Akses perjalanan menuju lokasi longsor sejauh 110 kilometer dari Kota Sukabumi. Sebagian akses masih terjal dan jalan berliku, menghadang siapapun yang akan menuju ke lokasi yang berbatasan dengan Provinsi Banten itu.
“Aktivitas warga di kampung Cimapag yang masuk ke dalam kedusunan Garehong ini ya bertani, berladang. Budaya itu dipertahankan secara turun temurun dan sudah terjaga selama ratusan tahun, lokasi yang tertimbun longsor masuk ke tiga kasepuhan, Sinar Resmi, Ciptamulya dan Ciptagelar,” kata Jaro Iwan, jaro adalah sebutan Kepala Desa (Kades) di kampung tersebut.
Masing-masing kasepuhan dipimpin oleh pemangku adat yang dipanggil dengan sebutan Abah. Para Abah ini mendiami sebuah rumah berukuran besar disebut dengan Imah Gede.
Perayaan atau hari besar warga kampung itu dikenal dengan sebutan Seren Taun, acara panen padi yang kerap menyedot perhatian wisatawan lokal dan mancanegara.

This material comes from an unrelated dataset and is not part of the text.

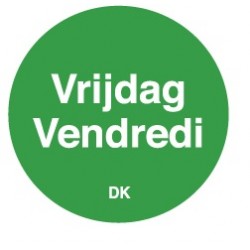 Permanente sticker vrijdag 19 mm 1000/rol (1 stuks)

“Kehidupan kami sehari-hari adalah selaras dengan alam dan lingkungan. Jauh sebelum penetapan wilayah ini sebagai kawasan hutan lindung kami sudah dulu berdiam di sini, sudah lebih dari ratusan yang lalu,” lanjut Iwan.

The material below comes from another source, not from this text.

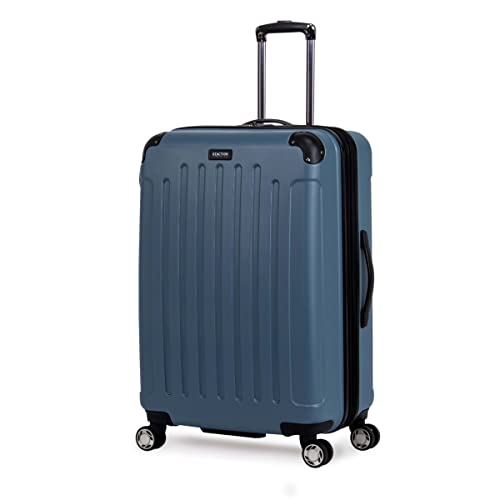 Kenneth Cole REACTION Renegade Luggage Expandable 8-Wheel Spinner Lightweight Hardside Suitcase, Granite Blue, 28-Inch Checked - color: Granite Blue, size: 28-Inch Checked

Setiap penduduk menyimpan beras di dalam Leuit atau lumbung padi. Iwan mengungkap bagi masyarakat setempat Leuit adalah tolak ukur kemakmuran warga. Semakin banyak leuit maka artinya sawah atau ladangnya berlimpah.

Jaro atau Kepala Desa Sirnarasa Foto: Syahdan Alamsyah
“Simbol kemakmuran warga sini itu ya leuit, bukan mobil atau banyak uang. Semakin banyak leuit artinya orang tersebut kaya atau mampu, itu juga jadi ciri khas warga di sini dalam kemakmuran,” ujar dia.

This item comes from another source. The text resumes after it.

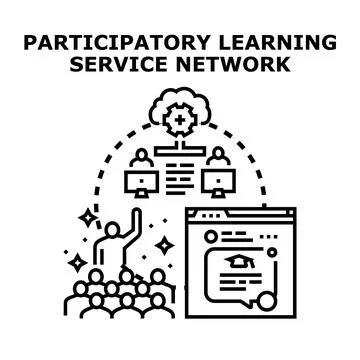 Participatory learning service network concept illustration Stock Illustration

“Akibat longsor kemarin entah berapa banyak leuit warga yang tertimbun, kalau ada 29 rumah satu rumah ada 2 leuit saja sudah berapa banyak yang terkubur,” tambahnya.
Kekuatan persaudaraan ditunjukkan masyarakat saat musibah longsor menimpa kampung mereka, para korban tidak merasa kesulitan ketika mencari perlindungan. Tetangga mereka adalah bagian dari mereka, korban tidak mendapat kesulitan untuk istirahat dan makan.
Silih asih, silih asuh sapinandean (saling mengayomi) satu sama lain tercipta tanpa perintah. Satu masyarakat terluka yang lainpun akan merasakan sakitnya, sesuatu yang sulit didapat di daerah perkotaan.
“Simbol kekuatan kekeluargaan amat kuat, jadi wajar pemerintah tidak repot dengan mendirikan tenda pengungsian. Karena warga di sini beranggapan mereka yang mengalami musibah adalah saudara mereka sendiri, kalau perlu satu ruangan akan dikosongkan untuk menampung korban bencana,” tandas Jaro Iwan.